**GIVEN MATERIAL**
((

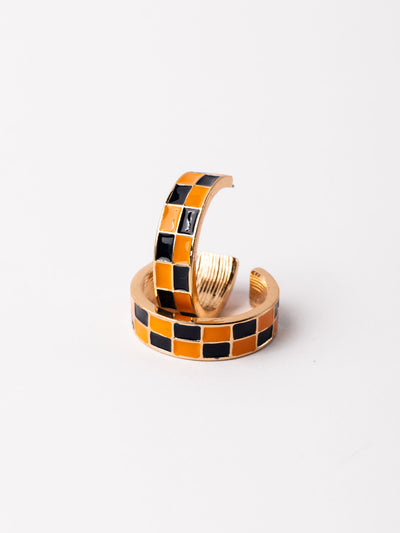 Sunny Earrings | Navy + Orange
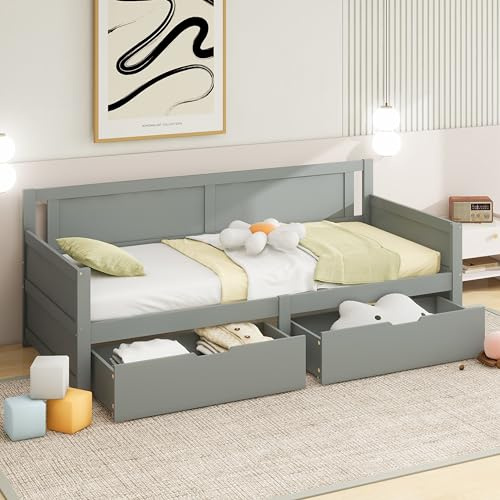 Lexiou Divano letto 90 x 200 cm, letto singolo con due ripiani, telaio in legno massiccio, letto per ragazzi (grigio)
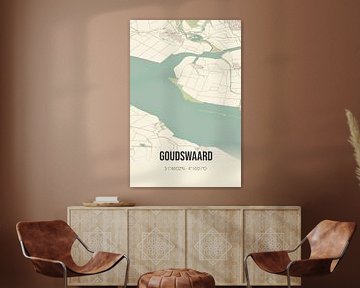 Vintage landkaart van Goudswaard (Zuid-Holland) van MijnStadsPoster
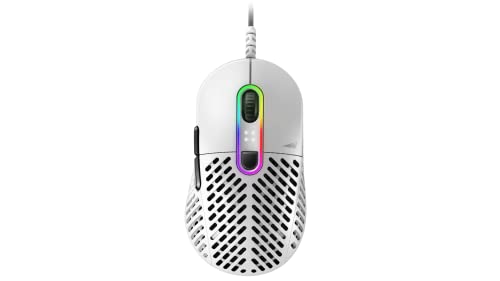 Mountain Makalu 67 RGB Gaming Mouse with Unique Patented Lightweight Rib Design Construction, PixArt PAW3370 Sensor and 100% PTFE Mouse Feet (White)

))

**WHAT IS EXPECTED**
Exact repetition required: repeat the first line of the listing above, the line containing "Vintage landkaart van", and every line between, leaving out pictures.

**SOLVED EXERCISE**
 Sunny Earrings | Navy + Orange
 Lexiou Divano letto 90 x 200 cm, letto singolo con due ripiani, telaio in legno massiccio, letto per ragazzi (grigio)
 Vintage landkaart van Goudswaard (Zuid-Holland) van MijnStadsPoster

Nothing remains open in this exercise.